* _DATASET EXCERPT_
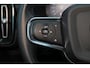 Volvo XC40 T2 Business Pro - IntelliSafe Assist & Surround - Parkeercamera achter - Parkeersensoren achter - High Performance audio- Elektr. inklapbare trekhaak - 18' LMV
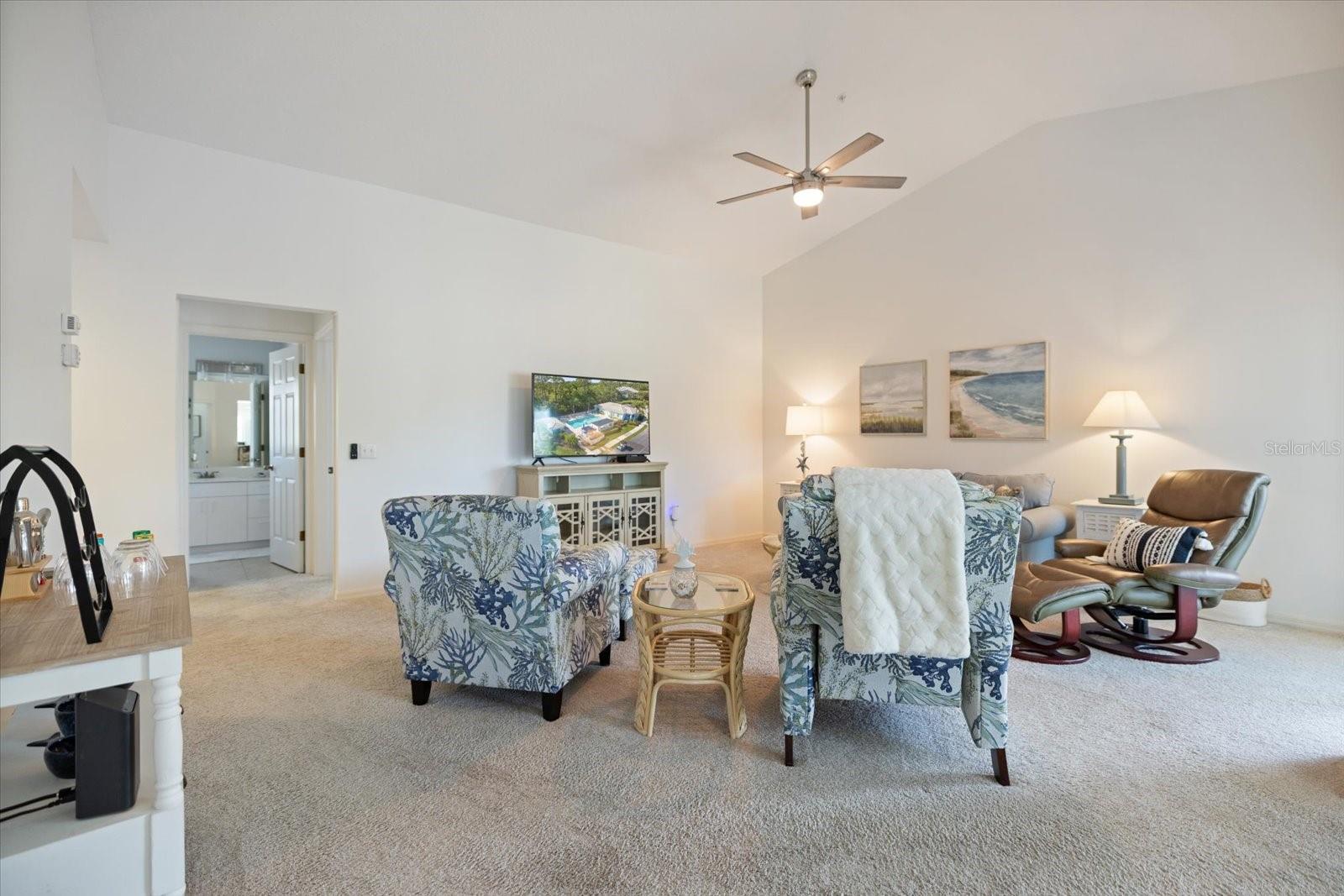 801 MONTROSE DR #202, VENICE, FL, 34293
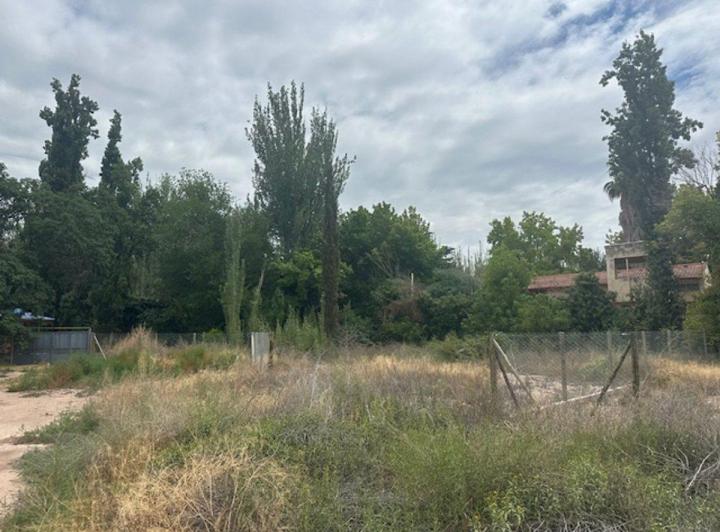 Terreno · 763m²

* _TASK PROMPT_
Retype only the lines from the line with "801 MONTROSE DR #202, VENICE, FL, 34293" through the last line of the data. Keep both ends and skip the pictures.

* _RESULT OF THE TASK_
 801 MONTROSE DR #202, VENICE, FL, 34293
 Terreno · 763m²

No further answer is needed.